:: Task details ::
When you write out the records, keep every word exact and drop the pictures.

Stored items

-=-=-

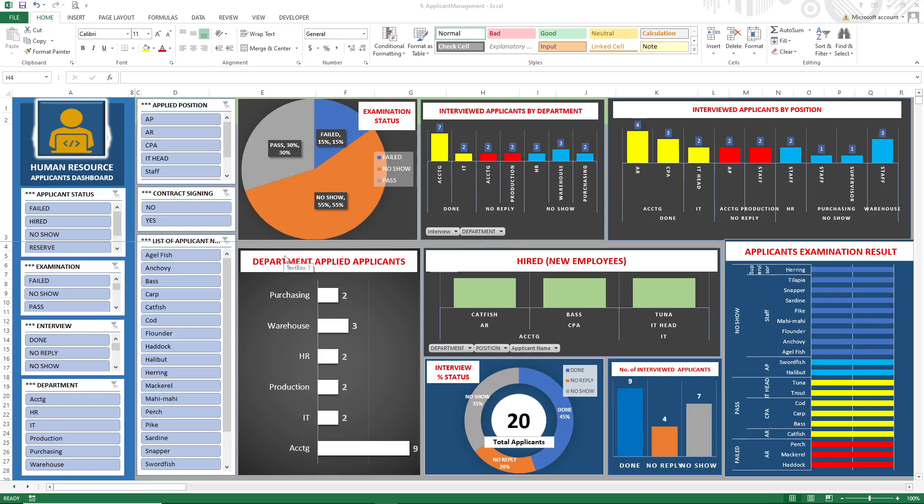As you notice on your screen, we have department applied applicants, we have examination status, we have interviewed applicants...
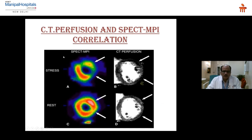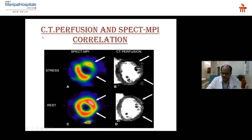This is an image comparing SPECT MPI and CT perfusion. In the rest image there is normal perfusion, but on stress there is a perfusion defect visible — the perfusion defect is seen similarly on both CT perfusion and SPECT MPI.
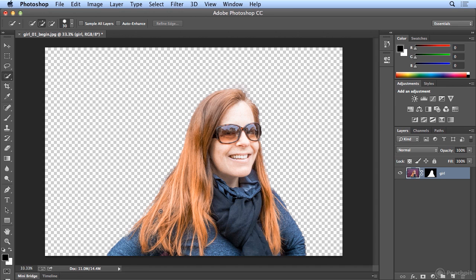So give this a try. It takes some practice with the Quick Selection Tool to learn where to paint and how to paint. And there are more options, but if you've gotten the background removed, you accomplish your goal for this session or this lesson. So congratulations.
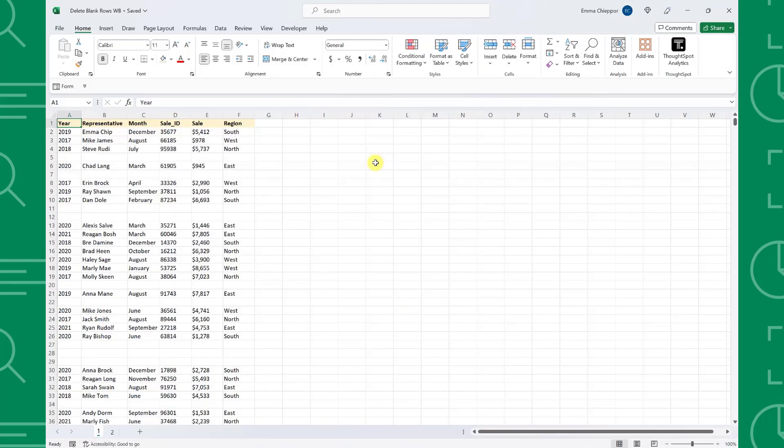Our boss sent over this data and asked us to analyze it by the end of the day. However, there are many blank rows within the dataset, so we need to delete them before we can start analyzing.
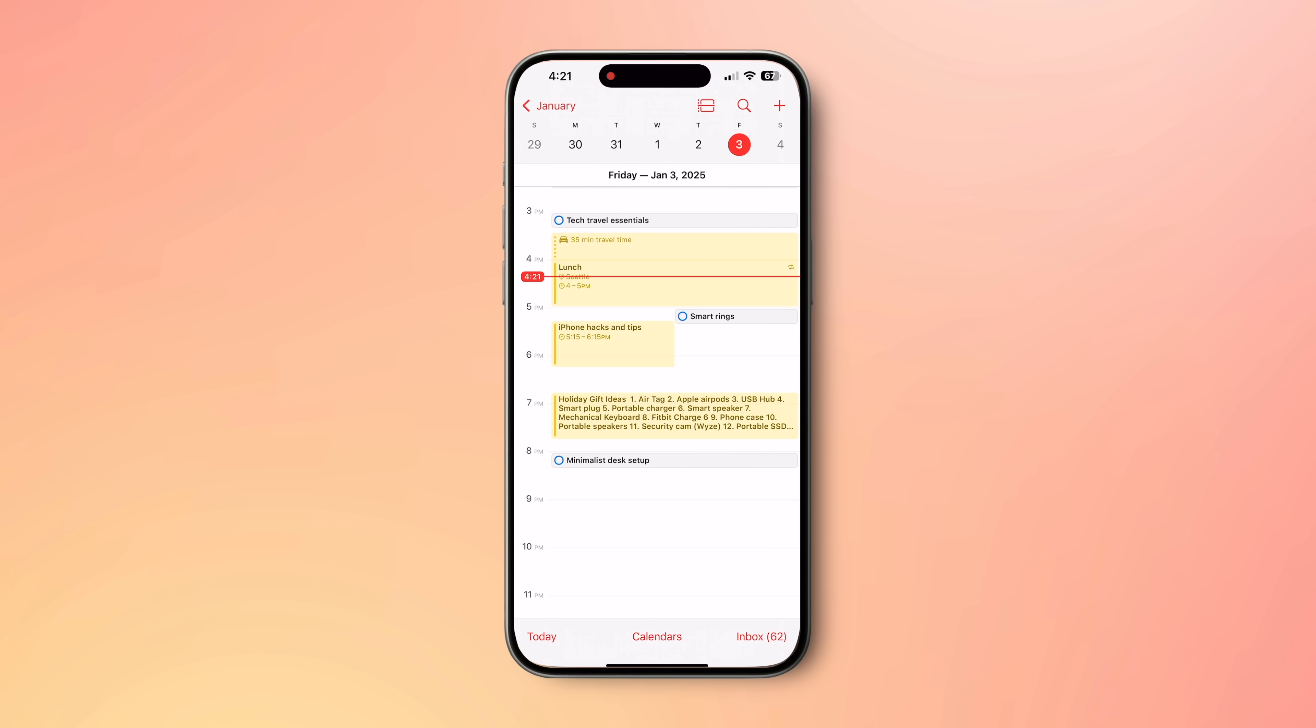The Reminders and Calendar app are very tightly integrated. If you create an event on Reminder in one app, it will automatically show up at the other. Let me show you.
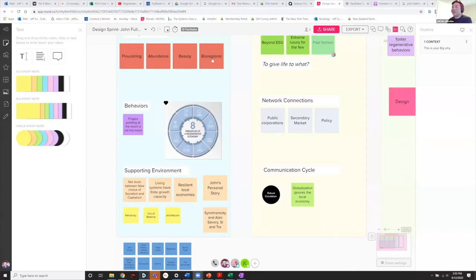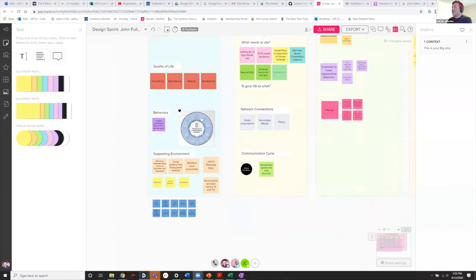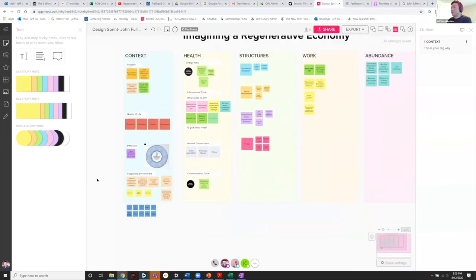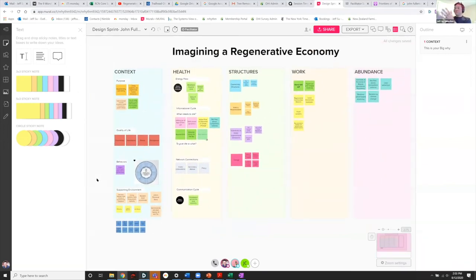Thank you Trey and thank you John. This was called a design sprint, which meant you all were designing and we were sprinting in the background trying to capture it all. What we were capturing we want to share now — we were capturing the discussion in our regenerative framework, which we see as a design tool.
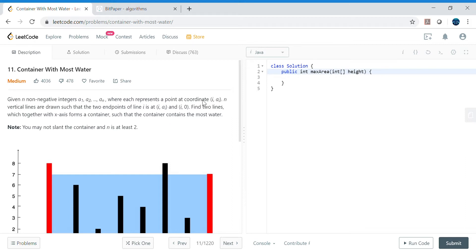Hello friends, my name is Vivek Sharma. Today we will cover this interesting problem called Container With Most Water.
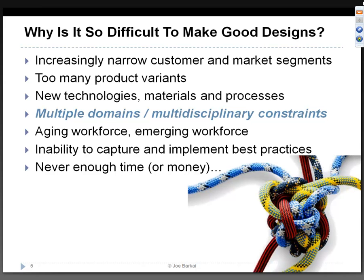Furthermore, to meet competitive pressure and customer needs, we're increasingly using new technologies, new materials, and new processes. Examples include the introduction of composites from aerospace into automotive, increased use of resins and polymers replacing metals, and the incorporation of control software in products from airplanes and cars to household items. These make product design much more complex, forcing us to deal with multiple domains simultaneously - no longer just mechanical or electrical engineering, but multidisciplinary constraints all at the same time.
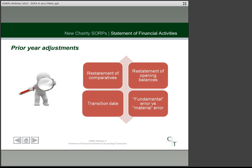The final point is in relation to prior period adjustments. Accounts will need to be restated from the transition date along with comparatives to ensure consistency and comparability. The new SORP additionally stipulates that material errors from the previous year should be corrected by way of prior period adjustment. Under current rules, only errors that were fundamental to the accounts — generally a higher level — needed to be corrected in this way, so there is an important distinction there.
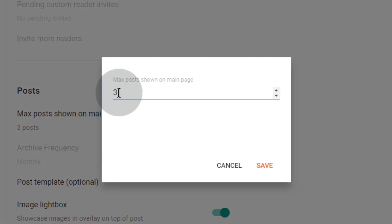Click on Max Posts shown on the main page. Now, change the number which you want to show. Click on Save.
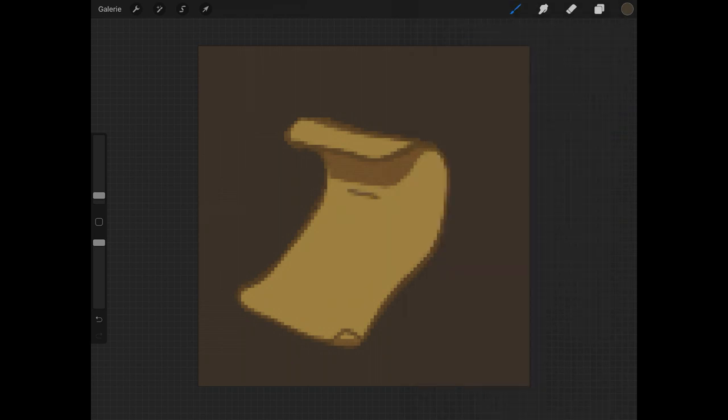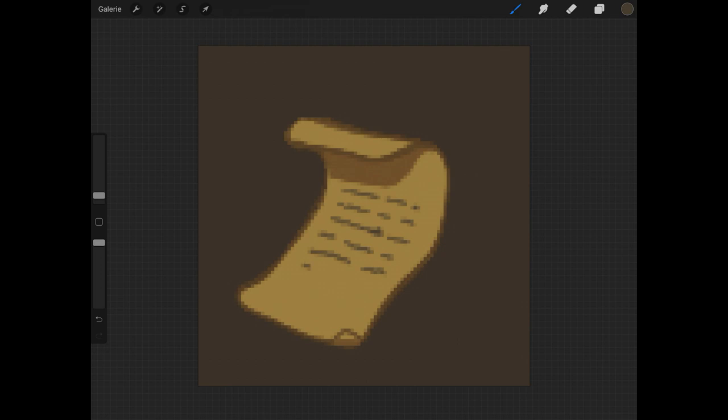Now I will add some kind of handwriting on the scroll and drawing of a cauldron because this will be a magic recipe that the main character of the game is looking for.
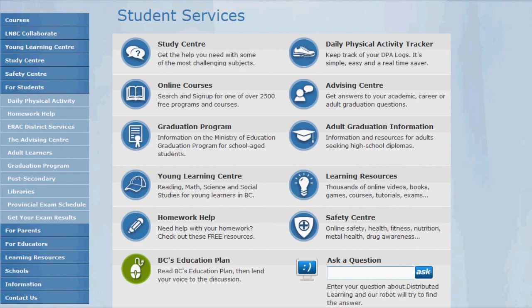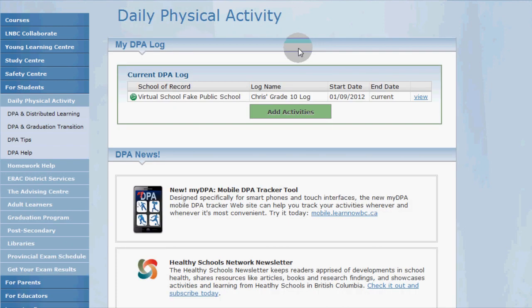First of all, make sure you're logged in with your LearnNowBC student account. When you do, you'll be taken to the student services page shown here. Click on the DPA tracker button to get started and you'll arrive at the daily physical activity page.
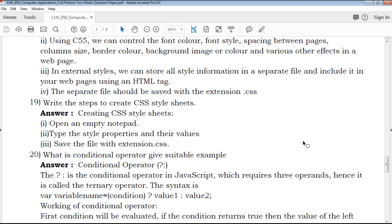Write the steps to create a CSS stylesheet. To create a CSS style sheet: first, open an empty Notepad. Then type the style sheet properties and their values. Finally, save the file with the extension .css.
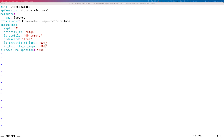Once you have defined all of these parameters and your storage class looks good, you can apply this storage class configuration against your Portworks cluster. This storage class is then available for developers to deploy their applications and dynamically provision persistent volumes which will have these parameters pre-configured at the volume level.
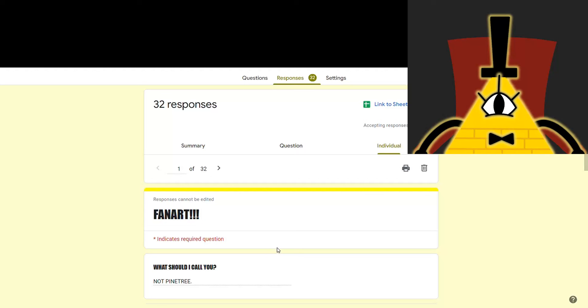Hey kids, it's me, your old pal and overlord, Bill Cipher, and today I'm going to be reacting to fan art that you sent me.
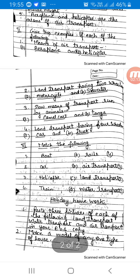Today I have given you holiday homework also. Number 1: Paste three pictures of each of the following — land transport, water transport, and air transport in your EBS copy.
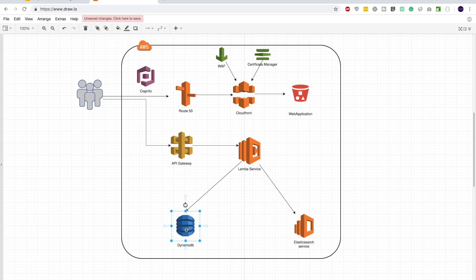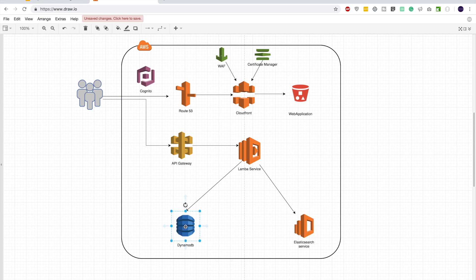Looking at our diagram, DynamoDB and Elasticsearch are regional services. When you create them, you get a public endpoint — you can invoke those endpoints via an HTTP client to index a document in Elasticsearch or put a document in DynamoDB. Similarly, the Lambdas spun up by the Lambda service also have public endpoints. So at this moment, all these endpoints are accessible over the internet. To avoid that, we need a different approach.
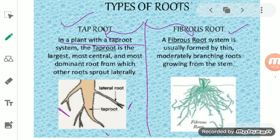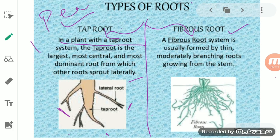In the tap root system, the tap root itself is quite thick, while the lateral roots coming out from it are very thin — much thinner than the tap root. So the tap root, which is the one main root, is the thicker one, while the lateral roots branching out from it are the thinner ones. Examples of plants which possess tap roots include various dicot plants.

-=-=-

:: Output below ::
As you notice on your screen, we have department applied applicants, we have examination status, we have interviewed applicants...
This is an image comparing SPECT MPI and CT perfusion. In the rest image there is normal perfusion, but on stress there is a perfusion defect visible — the perfusion defect is seen similarly on both CT perfusion and SPECT MPI.
So give this a try. It takes some practice with the Quick Selection Tool to learn where to paint and how to paint. And there are more options, but if you've gotten the background removed, you accomplish your goal for this session or this lesson. So congratulations.
Our boss sent over this data and asked us to analyze it by the end of the day. However, there are many blank rows within the dataset, so we need to delete them before we can start analyzing.
The Reminders and Calendar app are very tightly integrated. If you create an event on Reminder in one app, it will automatically show up at the other. Let me show you.
Thank you Trey and thank you John. This was called a design sprint, which meant you all were designing and we were sprinting in the background trying to capture it all. What we were capturing we want to share now — we were capturing the discussion in our regenerative framework, which we see as a design tool.
Hello friends, my name is Vivek Sharma. Today we will cover this interesting problem called Container With Most Water.
Furthermore, to meet competitive pressure and customer needs, we're increasingly using new technologies, new materials, and new processes. Examples include the introduction of composites from aerospace into automotive, increased use of resins and polymers replacing metals, and the incorporation of control software in products from airplanes and cars to household items. These make product design much more complex, forcing us to deal with multiple domains simultaneously - no longer just mechanical or electrical engineering, but multidisciplinary constraints all at the same time.
The final point is in relation to prior period adjustments. Accounts will need to be restated from the transition date along with comparatives to ensure consistency and comparability. The new SORP additionally stipulates that material errors from the previous year should be corrected by way of prior period adjustment. Under current rules, only errors that were fundamental to the accounts — generally a higher level — needed to be corrected in this way, so there is an important distinction there.
Click on Max Posts shown on the main page. Now, change the number which you want to show. Click on Save.
Now I will add some kind of handwriting on the scroll and drawing of a cauldron because this will be a magic recipe that the main character of the game is looking for.
First of all, make sure you're logged in with your LearnNowBC student account. When you do, you'll be taken to the student services page shown here. Click on the DPA tracker button to get started and you'll arrive at the daily physical activity page.
Write the steps to create a CSS stylesheet. To create a CSS style sheet: first, open an empty Notepad. Then type the style sheet properties and their values. Finally, save the file with the extension .css.
Once you have defined all of these parameters and your storage class looks good, you can apply this storage class configuration against your Portworks cluster. This storage class is then available for developers to deploy their applications and dynamically provision persistent volumes which will have these parameters pre-configured at the volume level.
Hey kids, it's me, your old pal and overlord, Bill Cipher, and today I'm going to be reacting to fan art that you sent me.
Today I have given you holiday homework also. Number 1: Paste three pictures of each of the following — land transport, water transport, and air transport in your EBS copy.
Looking at our diagram, DynamoDB and Elasticsearch are regional services. When you create them, you get a public endpoint — you can invoke those endpoints via an HTTP client to index a document in Elasticsearch or put a document in DynamoDB. Similarly, the Lambdas spun up by the Lambda service also have public endpoints. So at this moment, all these endpoints are accessible over the internet. To avoid that, we need a different approach.
In the tap root system, the tap root itself is quite thick, while the lateral roots coming out from it are very thin — much thinner than the tap root. So the tap root, which is the one main root, is the thicker one, while the lateral roots branching out from it are the thinner ones. Examples of plants which possess tap roots include various dicot plants.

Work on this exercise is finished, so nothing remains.